J.P. Euzéby : Dictionnaire de Bactériologie Vétérinaire |
Créé le 21 janvier 2004
Lipopolysaccharides (antigènes O et endotoxines)
Sommaire :
Résistance aux agents physico-chimiques
Activation de molécules circulantes
Autres mécanismes pathogéniques
Actions sur le système immunitaire
Mise en évidence des endotoxines
Les lipopolysaccharides sont des complexes macromoléculaires toxiques présents de manière constitutive dans la membrane externe de toutes les bactéries à Gram négatif. Sur le plan structural, les lipopolysaccharides (LPS) sont constitués d'un lipide A et d'une partie polysaccharidique débordant la membrane externe.
Le lipide A est doué de propriétés toxiques et il correspond à l'endotoxine des bactéries à Gram négatif qui n'est libérée, de manière massive, qu'après lyse de la bactérie. Le rôle des endotoxines est très important car elles sont très ubiquistes et aucun organisme n'est à l'abri de leurs effets.
La fraction polysaccharidique constitue l'antigène O et elle est responsable de la spécificité antigénique O permettant de décrire des sérovars au sein d'une même espèce bactérienne.
Le lipide A est constitué de deux sucres aminés liés par une liaison bêta 1-6, phosphorylés et liés à des acides gras hydroxylés sur leur troisième atome de carbone ainsi qu'à un ou deux autres acides gras non hydroxylés. La nature des sucres aminés (glucosamines ou parfois 3-aminoglucosamine) ainsi que la nature et le nombre des acides gras sont variables selon les espèces bactériennes.

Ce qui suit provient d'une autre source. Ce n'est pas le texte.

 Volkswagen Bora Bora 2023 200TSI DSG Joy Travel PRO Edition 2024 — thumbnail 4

L'utilisation de lipide A obtenu par synthèse a permis de démontrer que le lipide A est bien responsable du pouvoir toxique du LPS. L'intégrité de la structure du lipide A est nécessaire à l'activité toxique car des dérivés de synthèse modifiés sont toujours moins actifs que la molécule originale.
La fraction polysaccharidique est constitué d'un noyau (ou core) interne lié au lipide A et d'un noyau (ou core) externe lié à une chaîne polysaccharidique terminale appelée aussi chaîne O spécifique (schéma 1).
Core
La structure du core est semblable pour les souches d'une même espèce mais varie selon les espèces.

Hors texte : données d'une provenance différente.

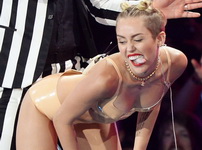 twerkingmiley.jpg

Le noyau interne contient deux sucres inhabituels, l'heptose et l'acide 3-désoxy-D-manno-2-octulosonique = KDO. Le KDO est toujours présent dans le LPS et un mutant dépourvu de KDO n'est pas viable. Un résidu de KDO est lié covalentiellement au lipide A et selon les espèces le nombre de résidus de KDO est variable (généralement deux ou trois). L'heptose qui peut être présent sous différentes configurations peut éventuellement faire défaut chez quelques espèces comme Bacteroides fragilis.
Le noyau ou core externe est constitué d'un nombre variable de résidus d'hexoses ou d'hexosamines.
Chaîne O spécifique
La chaîne O spécifique est la partie la plus variable du LPS. Elle est constituée de chaînons répétitifs comprenant chacun 3 à 8 sucres et dont le nombre varie de 20 à 40 chez les salmonelles. Le premier de ces chaînons peut avoir une structure légèrement différente de celle des autres chaînons. Les sucres constituants ces chaînons sont des hexoses "classiques" (glucose, galactose, mannose...) mais aussi des sucres plus particuliers comme le tyvélose, le paratose, l'abéquose, le colitose...
Les différences antigéniques des chaînes spécifiques sont liées soit à la nature des sucres qui composent le chaînon répété soit à leur mode de liaison. La détermination de la spécificité antigénique O est importante notamment en épidémiologie. C'est chez les salmonelles que les antigènes O sont les mieux connus (schéma 1).
Chez les salmonelles, les antigènes O sont classés en facteurs O majeurs et en facteurs O accessoires :
Les facteurs O majeurs permettent de définir des groupes et toutes les souches possédant en commun un facteur O majeur sont placées dans le même groupe. Ainsi, toutes les souches possédant le facteur O:2 appartiennent au groupe A, celles possédant le facteur O:4 appartiennent au groupe B, celles possédant le facteur O:9 au groupe D, celles possédant le facteur O:3 au groupe E... Les facteurs O majeurs sont liés à certains sucres : paratose pour O:2, abéquose pour O:4, tyvélose pour O:9...
Les facteurs O accessoires peuvent différer selon les souches appartenant à un même groupe.
Les facteurs O accessoires peuvent être liés, de manière constante, à un ou à plusieurs facteurs O majeurs et ils sont alors dépourvus de tout intérêt diagnostique. C'est la cas du facteur O:12 (dû au chaînon galactose-rhamnose-mannose) qui est lié aux facteurs O:2, O:4 et O:9 et qui est donc présent chez toutes les souches des groupes A, B et D.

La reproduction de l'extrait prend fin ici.